Caterpillars eating plastic will cure the problem of plastic waste in nature. The larvae of Galleria mellonella, also known as wax moth or honeycomb moth, can provide a solution to an important environmental problem by eating polyethylene, a type of plastic that we commonly use and which is difficult to dissolve in nature.
Researchers discovered in 2017 that they ate plastic bags containing the Galleria mellonella larvae. Then they placed the caterpillars on the polyethylene film in the laboratory and observed their effects on plastic. The results revealed that 100 caterpillars consumed 92 milligrams of material over a 12-hour period.
These caterpillars, also called plastivors, convert the plastic into energy by digesting it. Since wax consists of a mixture of a wide variety of lipid compounds, caterpillars also adapted to its ability to break down plastic.
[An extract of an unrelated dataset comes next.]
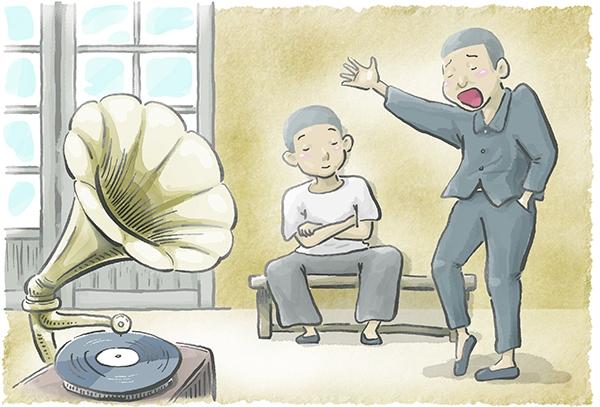 [소설, 피란수도 부산] ④ K팝 콩쿠르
Because some of the compounds in wax are similar to polyethylene with their chemical structure.
Although the amount consumed by caterpillars is not very large, researchers believe that this degradation process can be analyzed and developed as a biotechnological solution for the management of polyethylene wastes. The results were published in the journal Current Biology.
According to scientists, using worms can fix the plastic waste problem. Although using caterpillars directly is not a large-scale solution, it may be a small start.